Every major shift in commerce has changed how customers make decisions.

Search engines changed product discovery.

Mobile devices changed convenience.

Social commerce changed influence.

Agentic commerce has the potential to change decision-making itself.

Rather than simply helping customers browse products, AI agents can actively participate in identifying needs, evaluating options, and completing actions.
For retailers, this creates opportunities to deliver faster, more personalised, and more efficient shopping experiences.

The businesses that start experimenting today may be the ones best prepared for tomorrow’s retail landscape, where intelligent agents become as important as websites, apps, and marketplaces are today.

FAQs

What is an AI shopping agent?

An AI shopping agent is an intelligent software system. It can research products. Compare options. Make recommendations. Complete purchases on behalf of a customer.

What is the difference between agentic commerce and eCommerce?

Traditional eCommerce relies on customers performing most shopping tasks themselves. Agentic commerce uses AI agents. They can independently assist with research. Decision-making. Perform transactions.
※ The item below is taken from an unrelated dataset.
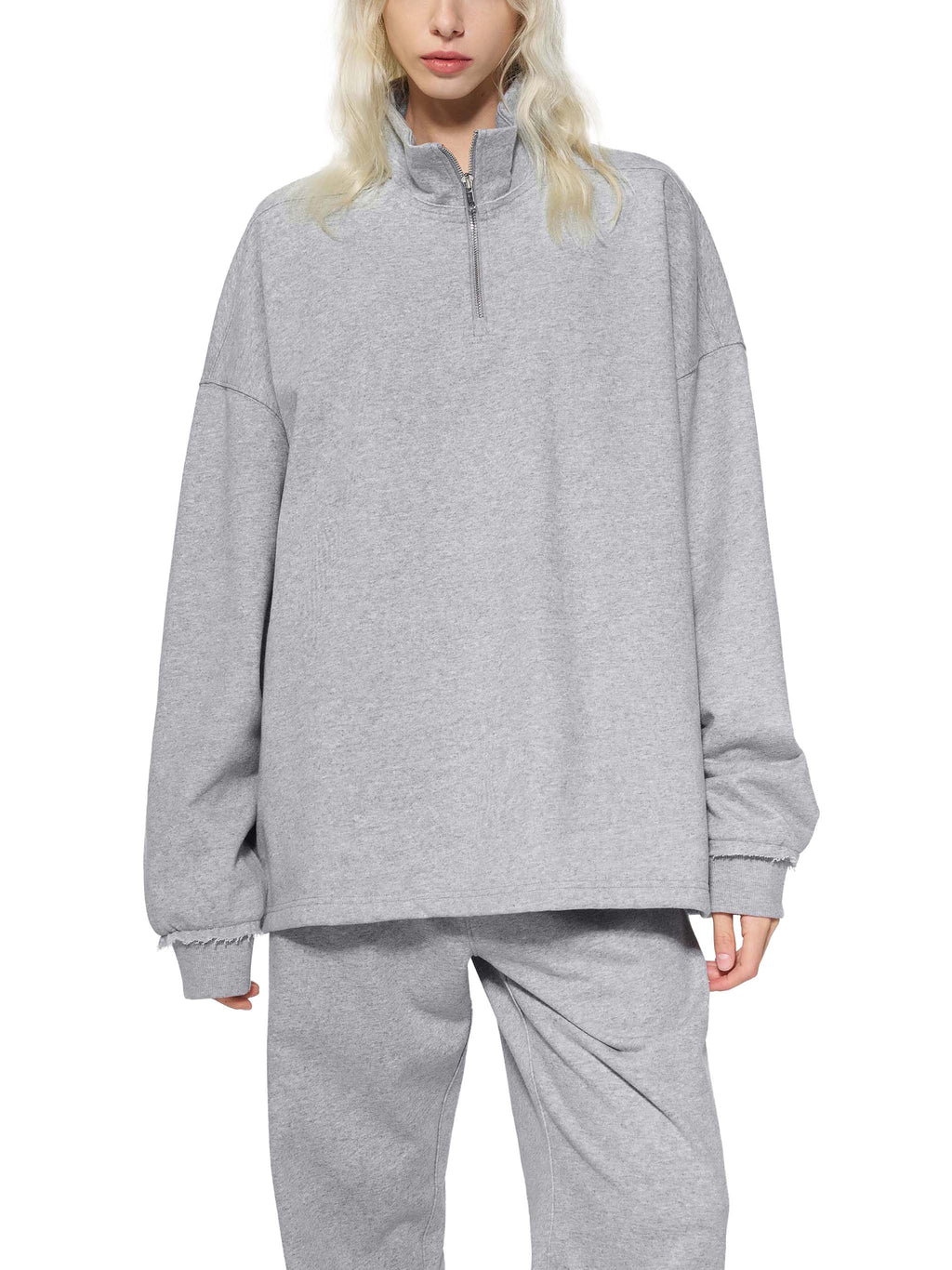 viltres codigo viltres heavywe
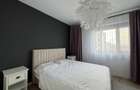 Apartament 4 Camere - Decomandat - Zona Baneasa - 4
How does agentic AI improve customer experience?

Agentic AI reduces friction by providing personalised recommendations. Also offers faster support. Provides intelligent product discovery. Automates assistance throughout the shopping journey.

Will AI shopping agents replace online stores?

No. Online stores will continue to play a critical role. However, AI shopping agents may become a new interface through which customers discover. Purchase products.